Clash de Cartier avanza como una colección que desafía la rigidez clásica de la joyería sin perder precisión ni herencia. La Maison explora movimiento, flexibilidad y volumen mediante una malla dentada que fusiona picots, bolas y clous carrés en piezas vivas. El oro amarillo irrumpe con una fluidez inédita, resultado de una ingeniería que combina fundición tradicional y mecanizado de alta precisión.
Cada joya integra cientos de componentes articulados, pulidos a mano, capaces de vibrar sutilmente sobre la piel. A esta arquitectura se suman piedras de color ónix y formatos XL que amplifican el carácter urbano y modular de la colección. Clash no adorna: afirma. Es una herencia reinterpretada en clave contemporánea, donde lo valioso dialoga con lo mecánico y convierte el gesto cotidiano en una declaración de estilo actual.

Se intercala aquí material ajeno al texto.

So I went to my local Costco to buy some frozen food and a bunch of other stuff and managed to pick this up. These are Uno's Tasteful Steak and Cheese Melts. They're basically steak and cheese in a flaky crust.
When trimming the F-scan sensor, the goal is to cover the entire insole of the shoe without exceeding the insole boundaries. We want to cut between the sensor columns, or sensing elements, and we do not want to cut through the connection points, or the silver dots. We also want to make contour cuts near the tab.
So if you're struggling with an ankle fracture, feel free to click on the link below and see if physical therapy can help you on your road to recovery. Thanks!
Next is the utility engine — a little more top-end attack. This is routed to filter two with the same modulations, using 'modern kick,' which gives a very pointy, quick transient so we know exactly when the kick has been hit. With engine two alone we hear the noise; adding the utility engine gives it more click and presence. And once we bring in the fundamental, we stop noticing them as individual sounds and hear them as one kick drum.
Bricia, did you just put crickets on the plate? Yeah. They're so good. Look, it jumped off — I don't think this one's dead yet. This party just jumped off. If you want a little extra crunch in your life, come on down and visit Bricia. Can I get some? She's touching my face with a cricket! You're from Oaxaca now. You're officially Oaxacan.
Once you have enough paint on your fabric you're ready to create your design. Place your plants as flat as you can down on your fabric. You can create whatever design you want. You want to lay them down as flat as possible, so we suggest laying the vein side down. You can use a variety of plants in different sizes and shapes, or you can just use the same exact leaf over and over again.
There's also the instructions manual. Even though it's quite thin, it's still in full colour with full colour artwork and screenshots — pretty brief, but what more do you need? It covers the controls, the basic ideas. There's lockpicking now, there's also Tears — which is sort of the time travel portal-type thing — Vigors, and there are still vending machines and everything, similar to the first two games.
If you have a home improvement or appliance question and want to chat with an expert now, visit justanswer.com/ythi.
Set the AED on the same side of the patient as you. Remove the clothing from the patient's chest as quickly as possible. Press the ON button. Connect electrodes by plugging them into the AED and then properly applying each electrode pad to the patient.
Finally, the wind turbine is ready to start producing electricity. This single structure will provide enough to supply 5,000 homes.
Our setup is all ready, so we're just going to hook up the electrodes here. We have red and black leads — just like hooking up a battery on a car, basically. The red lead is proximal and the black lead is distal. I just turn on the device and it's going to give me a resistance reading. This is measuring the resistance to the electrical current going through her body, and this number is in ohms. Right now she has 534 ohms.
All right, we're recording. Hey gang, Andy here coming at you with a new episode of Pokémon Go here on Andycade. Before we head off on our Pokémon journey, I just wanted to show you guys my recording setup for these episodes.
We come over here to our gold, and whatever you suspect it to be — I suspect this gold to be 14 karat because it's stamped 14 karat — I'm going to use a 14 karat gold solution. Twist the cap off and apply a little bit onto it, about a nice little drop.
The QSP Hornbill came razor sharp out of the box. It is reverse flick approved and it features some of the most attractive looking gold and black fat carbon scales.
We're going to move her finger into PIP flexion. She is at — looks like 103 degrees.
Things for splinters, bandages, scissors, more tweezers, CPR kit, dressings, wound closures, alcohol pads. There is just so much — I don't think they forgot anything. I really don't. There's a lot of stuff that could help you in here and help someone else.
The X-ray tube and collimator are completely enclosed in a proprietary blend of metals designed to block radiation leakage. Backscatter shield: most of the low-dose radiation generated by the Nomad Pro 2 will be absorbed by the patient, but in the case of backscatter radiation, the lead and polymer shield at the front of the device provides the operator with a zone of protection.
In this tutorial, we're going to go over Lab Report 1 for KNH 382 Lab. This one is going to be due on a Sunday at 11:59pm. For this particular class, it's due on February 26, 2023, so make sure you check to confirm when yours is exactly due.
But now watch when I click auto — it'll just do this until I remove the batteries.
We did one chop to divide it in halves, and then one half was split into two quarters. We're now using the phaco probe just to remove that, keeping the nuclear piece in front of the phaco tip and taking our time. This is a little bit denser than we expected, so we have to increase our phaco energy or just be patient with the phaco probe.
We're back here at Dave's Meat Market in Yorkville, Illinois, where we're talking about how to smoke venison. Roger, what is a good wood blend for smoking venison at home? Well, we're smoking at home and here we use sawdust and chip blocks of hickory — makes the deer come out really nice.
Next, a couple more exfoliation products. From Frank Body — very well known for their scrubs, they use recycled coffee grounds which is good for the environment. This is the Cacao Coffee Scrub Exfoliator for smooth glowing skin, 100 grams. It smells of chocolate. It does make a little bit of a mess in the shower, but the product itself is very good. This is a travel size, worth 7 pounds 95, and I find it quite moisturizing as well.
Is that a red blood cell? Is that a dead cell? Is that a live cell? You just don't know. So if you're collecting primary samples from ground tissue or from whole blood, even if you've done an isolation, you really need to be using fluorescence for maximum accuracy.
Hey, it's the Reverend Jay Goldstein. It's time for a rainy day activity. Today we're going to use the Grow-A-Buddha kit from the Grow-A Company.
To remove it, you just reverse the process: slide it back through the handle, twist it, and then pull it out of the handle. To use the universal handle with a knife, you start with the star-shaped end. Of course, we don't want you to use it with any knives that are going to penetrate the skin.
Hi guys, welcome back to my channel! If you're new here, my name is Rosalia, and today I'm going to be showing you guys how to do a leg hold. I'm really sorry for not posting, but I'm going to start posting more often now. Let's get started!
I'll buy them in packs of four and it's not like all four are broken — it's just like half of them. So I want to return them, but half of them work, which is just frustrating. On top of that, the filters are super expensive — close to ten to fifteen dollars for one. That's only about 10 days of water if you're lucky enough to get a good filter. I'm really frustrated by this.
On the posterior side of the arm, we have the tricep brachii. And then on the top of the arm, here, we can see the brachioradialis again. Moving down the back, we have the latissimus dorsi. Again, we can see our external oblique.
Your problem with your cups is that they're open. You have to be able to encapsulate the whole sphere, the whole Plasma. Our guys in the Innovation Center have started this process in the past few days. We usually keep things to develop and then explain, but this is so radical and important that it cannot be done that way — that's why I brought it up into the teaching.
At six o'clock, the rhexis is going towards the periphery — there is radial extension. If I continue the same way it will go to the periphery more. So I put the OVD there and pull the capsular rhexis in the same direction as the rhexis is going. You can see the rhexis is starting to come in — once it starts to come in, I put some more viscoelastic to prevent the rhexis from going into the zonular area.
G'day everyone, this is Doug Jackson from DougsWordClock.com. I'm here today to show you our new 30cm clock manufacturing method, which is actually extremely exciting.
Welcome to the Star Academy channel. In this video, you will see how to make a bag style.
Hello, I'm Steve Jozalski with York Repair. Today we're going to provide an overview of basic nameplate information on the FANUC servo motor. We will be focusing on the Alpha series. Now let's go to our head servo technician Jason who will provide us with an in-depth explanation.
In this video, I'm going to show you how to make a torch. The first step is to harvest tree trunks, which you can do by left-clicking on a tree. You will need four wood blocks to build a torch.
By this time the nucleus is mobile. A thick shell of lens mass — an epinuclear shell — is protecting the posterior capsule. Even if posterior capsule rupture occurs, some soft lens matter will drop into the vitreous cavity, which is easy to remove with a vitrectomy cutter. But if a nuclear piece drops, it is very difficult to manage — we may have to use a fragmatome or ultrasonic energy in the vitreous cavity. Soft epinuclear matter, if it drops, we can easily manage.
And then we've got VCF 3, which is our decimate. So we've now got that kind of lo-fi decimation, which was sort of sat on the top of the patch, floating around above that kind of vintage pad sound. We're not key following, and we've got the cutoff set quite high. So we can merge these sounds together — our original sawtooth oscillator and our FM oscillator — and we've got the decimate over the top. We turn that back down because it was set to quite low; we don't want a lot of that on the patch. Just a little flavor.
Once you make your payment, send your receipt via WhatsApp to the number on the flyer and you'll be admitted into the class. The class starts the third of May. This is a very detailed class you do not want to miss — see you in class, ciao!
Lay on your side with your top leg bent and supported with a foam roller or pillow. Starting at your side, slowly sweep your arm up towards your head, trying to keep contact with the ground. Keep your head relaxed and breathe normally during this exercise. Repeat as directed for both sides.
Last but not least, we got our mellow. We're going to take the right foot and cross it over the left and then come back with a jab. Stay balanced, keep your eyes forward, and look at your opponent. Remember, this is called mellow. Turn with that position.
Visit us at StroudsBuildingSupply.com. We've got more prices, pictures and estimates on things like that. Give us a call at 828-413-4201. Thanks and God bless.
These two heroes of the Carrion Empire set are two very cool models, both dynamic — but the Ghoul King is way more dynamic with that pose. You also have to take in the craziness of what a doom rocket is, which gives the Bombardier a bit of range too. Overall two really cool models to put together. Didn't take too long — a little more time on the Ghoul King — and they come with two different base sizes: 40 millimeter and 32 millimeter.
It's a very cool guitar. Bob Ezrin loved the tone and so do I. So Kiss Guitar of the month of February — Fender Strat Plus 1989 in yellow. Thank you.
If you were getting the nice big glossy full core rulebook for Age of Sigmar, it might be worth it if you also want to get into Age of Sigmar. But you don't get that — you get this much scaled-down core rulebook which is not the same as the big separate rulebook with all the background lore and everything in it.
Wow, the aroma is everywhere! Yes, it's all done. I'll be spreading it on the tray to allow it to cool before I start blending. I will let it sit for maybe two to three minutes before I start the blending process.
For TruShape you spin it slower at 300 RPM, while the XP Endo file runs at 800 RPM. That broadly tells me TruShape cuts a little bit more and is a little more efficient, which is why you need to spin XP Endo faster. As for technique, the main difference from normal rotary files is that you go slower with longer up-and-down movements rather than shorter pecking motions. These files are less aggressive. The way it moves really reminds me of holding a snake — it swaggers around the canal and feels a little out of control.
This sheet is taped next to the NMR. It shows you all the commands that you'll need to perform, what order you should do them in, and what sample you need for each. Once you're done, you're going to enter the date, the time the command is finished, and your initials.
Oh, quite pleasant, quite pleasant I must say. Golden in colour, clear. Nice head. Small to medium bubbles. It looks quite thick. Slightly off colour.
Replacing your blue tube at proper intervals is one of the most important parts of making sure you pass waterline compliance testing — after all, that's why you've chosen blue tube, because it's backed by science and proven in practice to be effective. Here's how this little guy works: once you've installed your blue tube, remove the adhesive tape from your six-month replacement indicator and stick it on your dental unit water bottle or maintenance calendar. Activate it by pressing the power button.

Piedras de color ónix y volúmenes XL amplían el lenguaje Clash de Cartier, y refuerzan su carácter modular, gráfico y contemporáneo.

Collier Clash de Cartier en oro amarillo y ónix, arquitectura flexible que redefine volumen y movimiento.

Bague Clash de Cartier, minimalismo flexible en oro amarillo que reinterpreta la fuerza gráfica de Clash.

Flexibilidad extrema, piedras de color y oro articulado convierten a Clash de Cartier en una joya que se mueve libremente.